General Motors to Build Two Bolt-based Crossovers, Considers the Data-mining Business

Matt Posky
by Matt Posky

General Motors CEO Mary Barra outlined the company’s vision of the future at the Barclays Global Automotive Conference in New York on Wednesday. While the majority of her speech adhered to GM’s current mantra of “zero crashes, zero emissions, and zero congestion,” we also got a taste of what that thinking might yield on a shorter timeline.

In early October, GM expressed its intention to launch 20 new electric vehicles by 2023. However, we didn’t get any specific details on the matter. That changed this week. Barra claims the manufacturer will introduce three new electric models by 2020, with two of them being crossovers. The trio will share share basic components with the Chevrolet Bolt.

These models will be followed by a new electric vehicle platform in 2021, with cheaper and more efficient battery cells. The EV architecture is intended to serve as a base for at least nine models — ranging from a massive seven-seat luxury SUV to a very compact crossover.

However, GM also speaks of “adjacent businesses.”

The automaker is sticking with plans to evolve its ride-sharing platform, Maven, and intends to make vehicle connectivity commonplace in all of its future models. Both projects provide varied revenue sources intended to make investors drool with anticipation. While Maven is supposed to reach a few major metropolitan areas over the next few years, car connectivity is likely to become ubiquitous sooner than later.

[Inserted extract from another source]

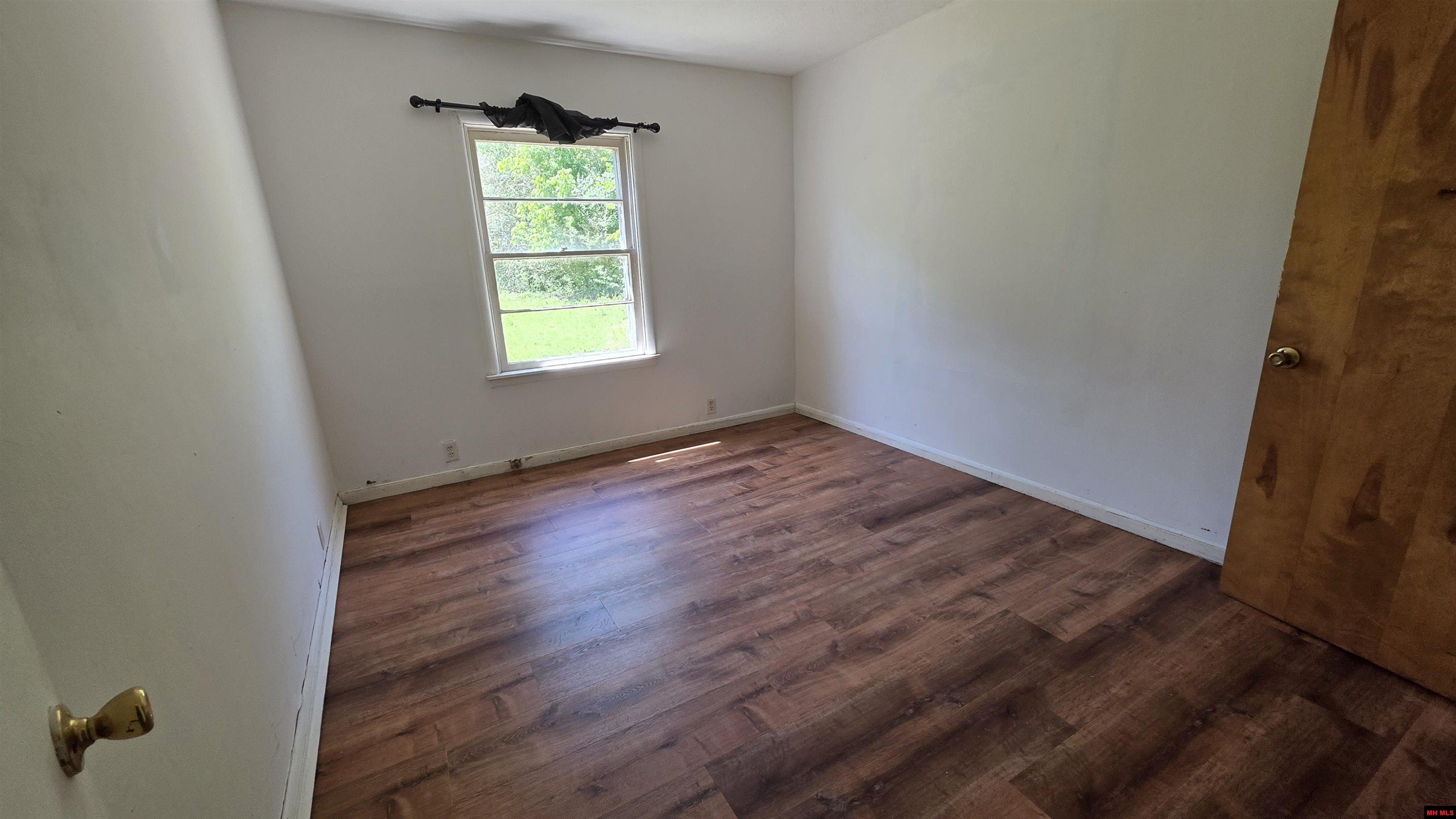 317 W 5TH STREET Yellville, AR 72687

GM sees data acquisition as a huge financial opportunity. By launching 13 million connected cars over the several years, the company thinks it can accrue wealth through an in-car digital marketplace that sells apps and services. Afterward, it can collect driver data (purchasing choices, driving habits, etc.), sell it off to whoever wants it (including insurance companies), and potentially issue in-car advertisements — something it is already pursuing with help from IBM.

While I absolutely hate this idea, it makes smart business sense and could potentially make the manufacturer truckloads of money. It’s also one of the better ways to help field autonomous vehicles, which is another avenue GM is frantically looking to go down and has had some previous success with. Some experts have suggested self-driving cars won’t be totally effective until all cars possess a moderate level of interconnectedness, and General Motors seems to be in agreement.

As the context of the meeting was to entice investors, we have to take everything stretching beyond the next five years with a grain of salt. However, even though Barra didn’t say so explicitly, GM does appear to be shifting its focus toward mobility — streamlining its core business to advance future technologies.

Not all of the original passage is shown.